FoodBank Johannesburg, State, and Civil Society Organisations in Post-Apartheid Johannesburg

Document Type


Publication Date



This article analyses FoodBank Johannesburg's impact on the network of food security organisations in Johannesburg, South Africa. The introduction of the American food banking model into Johannesburg has led to many positive outcomes, including expanding the number of institutions committed to food security, streamlining food donation processes, increasing the amount of food delivered, and reducing waste. While FoodBank Johannesburg's alignment with the state and capital has assured some level of state funding, it also has the potential to delegitimise particular food security interventions, depoliticise hunger, deepen central state penetration, create new bureaucracies, and allow government to shirk responsibilities towards the food insecure.
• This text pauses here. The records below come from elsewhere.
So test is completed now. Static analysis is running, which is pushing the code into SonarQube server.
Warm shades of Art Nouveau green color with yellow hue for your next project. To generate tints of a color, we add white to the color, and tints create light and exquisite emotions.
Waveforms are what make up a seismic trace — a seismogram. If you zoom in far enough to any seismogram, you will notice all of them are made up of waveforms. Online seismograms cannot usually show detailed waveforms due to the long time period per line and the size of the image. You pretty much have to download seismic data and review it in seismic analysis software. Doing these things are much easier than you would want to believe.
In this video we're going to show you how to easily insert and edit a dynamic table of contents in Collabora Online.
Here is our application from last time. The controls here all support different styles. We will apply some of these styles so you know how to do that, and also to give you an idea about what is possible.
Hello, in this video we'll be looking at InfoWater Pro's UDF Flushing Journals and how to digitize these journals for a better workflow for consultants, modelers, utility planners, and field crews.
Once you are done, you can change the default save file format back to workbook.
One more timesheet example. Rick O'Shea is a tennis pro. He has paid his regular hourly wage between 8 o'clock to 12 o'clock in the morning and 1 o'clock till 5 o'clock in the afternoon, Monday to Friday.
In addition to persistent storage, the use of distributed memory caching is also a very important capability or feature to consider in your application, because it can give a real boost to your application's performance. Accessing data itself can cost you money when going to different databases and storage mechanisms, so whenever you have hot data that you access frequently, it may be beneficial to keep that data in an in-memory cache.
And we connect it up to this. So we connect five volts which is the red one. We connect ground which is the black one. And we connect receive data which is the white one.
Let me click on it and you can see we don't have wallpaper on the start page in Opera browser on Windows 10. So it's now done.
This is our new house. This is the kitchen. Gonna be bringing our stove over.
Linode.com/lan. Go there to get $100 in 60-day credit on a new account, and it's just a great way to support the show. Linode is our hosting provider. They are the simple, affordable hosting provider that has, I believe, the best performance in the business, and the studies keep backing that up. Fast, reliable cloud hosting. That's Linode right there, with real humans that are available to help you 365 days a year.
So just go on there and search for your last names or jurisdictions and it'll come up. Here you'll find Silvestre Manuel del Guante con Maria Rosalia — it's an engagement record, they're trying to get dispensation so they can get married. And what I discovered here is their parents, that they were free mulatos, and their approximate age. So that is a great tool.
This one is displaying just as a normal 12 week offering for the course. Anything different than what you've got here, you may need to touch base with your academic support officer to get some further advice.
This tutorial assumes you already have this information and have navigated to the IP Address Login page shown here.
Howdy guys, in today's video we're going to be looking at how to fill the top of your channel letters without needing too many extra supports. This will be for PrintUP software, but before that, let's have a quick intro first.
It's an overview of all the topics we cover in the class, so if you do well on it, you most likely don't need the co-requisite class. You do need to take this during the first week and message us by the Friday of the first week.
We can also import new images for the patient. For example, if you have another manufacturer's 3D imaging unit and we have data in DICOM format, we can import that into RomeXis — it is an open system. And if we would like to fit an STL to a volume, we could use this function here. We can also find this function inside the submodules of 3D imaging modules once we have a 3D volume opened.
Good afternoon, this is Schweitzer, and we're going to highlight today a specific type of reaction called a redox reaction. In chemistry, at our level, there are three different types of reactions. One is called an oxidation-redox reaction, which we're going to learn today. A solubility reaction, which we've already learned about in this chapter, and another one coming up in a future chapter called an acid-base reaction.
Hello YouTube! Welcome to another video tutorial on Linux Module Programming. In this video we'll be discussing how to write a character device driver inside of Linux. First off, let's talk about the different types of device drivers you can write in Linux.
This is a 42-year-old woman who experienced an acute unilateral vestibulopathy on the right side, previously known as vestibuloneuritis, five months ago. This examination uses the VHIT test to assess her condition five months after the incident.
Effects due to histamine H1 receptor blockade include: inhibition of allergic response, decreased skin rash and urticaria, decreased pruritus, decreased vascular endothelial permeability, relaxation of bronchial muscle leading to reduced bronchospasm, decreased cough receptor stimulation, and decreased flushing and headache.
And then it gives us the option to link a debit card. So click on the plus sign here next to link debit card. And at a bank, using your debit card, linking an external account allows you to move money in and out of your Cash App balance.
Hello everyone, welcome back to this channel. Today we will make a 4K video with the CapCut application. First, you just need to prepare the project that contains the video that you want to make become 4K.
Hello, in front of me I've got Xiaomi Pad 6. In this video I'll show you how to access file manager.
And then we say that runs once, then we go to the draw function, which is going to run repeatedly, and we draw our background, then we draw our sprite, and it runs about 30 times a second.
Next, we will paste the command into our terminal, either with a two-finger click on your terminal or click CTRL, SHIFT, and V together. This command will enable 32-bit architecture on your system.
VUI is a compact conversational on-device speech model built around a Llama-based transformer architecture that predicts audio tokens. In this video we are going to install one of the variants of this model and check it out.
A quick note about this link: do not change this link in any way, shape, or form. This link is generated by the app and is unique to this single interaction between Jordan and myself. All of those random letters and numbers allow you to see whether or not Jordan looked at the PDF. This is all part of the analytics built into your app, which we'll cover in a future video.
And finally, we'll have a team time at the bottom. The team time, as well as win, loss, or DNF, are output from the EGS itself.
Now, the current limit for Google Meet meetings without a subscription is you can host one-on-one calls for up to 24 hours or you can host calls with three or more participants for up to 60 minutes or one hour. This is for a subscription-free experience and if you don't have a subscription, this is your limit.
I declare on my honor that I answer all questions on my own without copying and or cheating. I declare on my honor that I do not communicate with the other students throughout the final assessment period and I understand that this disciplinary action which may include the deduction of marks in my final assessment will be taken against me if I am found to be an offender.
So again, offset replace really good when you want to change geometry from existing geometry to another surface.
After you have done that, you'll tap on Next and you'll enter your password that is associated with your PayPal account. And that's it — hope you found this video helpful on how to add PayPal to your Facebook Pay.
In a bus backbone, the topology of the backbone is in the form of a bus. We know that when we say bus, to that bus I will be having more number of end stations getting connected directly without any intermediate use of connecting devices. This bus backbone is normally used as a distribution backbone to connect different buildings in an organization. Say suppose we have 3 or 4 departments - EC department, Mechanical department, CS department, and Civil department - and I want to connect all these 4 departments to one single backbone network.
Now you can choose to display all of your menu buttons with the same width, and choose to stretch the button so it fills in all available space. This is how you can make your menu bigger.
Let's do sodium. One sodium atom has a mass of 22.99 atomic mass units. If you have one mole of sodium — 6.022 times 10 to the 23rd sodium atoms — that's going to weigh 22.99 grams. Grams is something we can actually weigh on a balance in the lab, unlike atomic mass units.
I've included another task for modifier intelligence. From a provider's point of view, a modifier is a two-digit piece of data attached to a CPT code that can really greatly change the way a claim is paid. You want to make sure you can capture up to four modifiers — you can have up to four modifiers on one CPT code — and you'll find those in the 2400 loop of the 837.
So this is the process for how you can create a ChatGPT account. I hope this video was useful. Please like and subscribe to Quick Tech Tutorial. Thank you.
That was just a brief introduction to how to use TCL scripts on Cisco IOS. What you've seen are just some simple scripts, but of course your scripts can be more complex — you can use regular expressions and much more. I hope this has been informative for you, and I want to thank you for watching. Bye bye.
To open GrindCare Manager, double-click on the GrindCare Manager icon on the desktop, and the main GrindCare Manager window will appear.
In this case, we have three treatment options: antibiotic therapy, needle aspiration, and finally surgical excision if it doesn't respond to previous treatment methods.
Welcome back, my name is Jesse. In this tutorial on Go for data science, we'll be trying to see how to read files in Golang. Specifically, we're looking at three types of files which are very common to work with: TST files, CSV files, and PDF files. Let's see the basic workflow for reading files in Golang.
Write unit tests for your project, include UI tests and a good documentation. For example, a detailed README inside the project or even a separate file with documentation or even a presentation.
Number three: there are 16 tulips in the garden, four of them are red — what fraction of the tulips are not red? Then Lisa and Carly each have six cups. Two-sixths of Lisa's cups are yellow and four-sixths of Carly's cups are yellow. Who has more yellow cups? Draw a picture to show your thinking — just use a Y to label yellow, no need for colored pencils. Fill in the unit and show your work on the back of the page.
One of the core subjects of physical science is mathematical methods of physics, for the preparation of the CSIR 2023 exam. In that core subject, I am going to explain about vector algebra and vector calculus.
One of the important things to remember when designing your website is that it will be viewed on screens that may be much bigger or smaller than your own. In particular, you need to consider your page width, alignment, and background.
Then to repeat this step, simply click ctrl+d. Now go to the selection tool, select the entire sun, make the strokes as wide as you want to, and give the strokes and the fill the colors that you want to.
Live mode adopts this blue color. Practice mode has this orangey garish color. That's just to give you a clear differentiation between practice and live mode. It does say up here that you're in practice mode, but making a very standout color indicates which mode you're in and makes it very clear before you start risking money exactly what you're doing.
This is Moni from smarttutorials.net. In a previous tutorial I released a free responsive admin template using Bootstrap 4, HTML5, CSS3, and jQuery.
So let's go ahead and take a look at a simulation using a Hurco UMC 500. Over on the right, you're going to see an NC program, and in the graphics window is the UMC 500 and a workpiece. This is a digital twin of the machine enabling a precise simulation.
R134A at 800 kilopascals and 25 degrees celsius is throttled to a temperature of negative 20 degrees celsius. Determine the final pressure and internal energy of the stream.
Additionally, even though food retailers and food manufacturers have committed to the food banking concept, it is not clear whether the food bank's dependence on food business inefficiencies, such as overproduction and incorrect packaging, is an appropriate way to ensure food security. Moreover, FoodBank Johannesburg has transformed non-governmental organisations (NGOs) and community-based organisations (CBOs) through processes of inclusion and exclusion and legitimised a top-down approach towards food security that privileges particular food security interventions over others. For some NGOs, institutional stability has been ensured by changing the organisational mission, accessing private sector funding, or joining forces with FoodBank Johannesburg. Yet, for many NGOs and CBOs, resource unavailability, ineffective governmental policy, and new food bank bureaucracies pose potential institutional challenges and an uncertain future.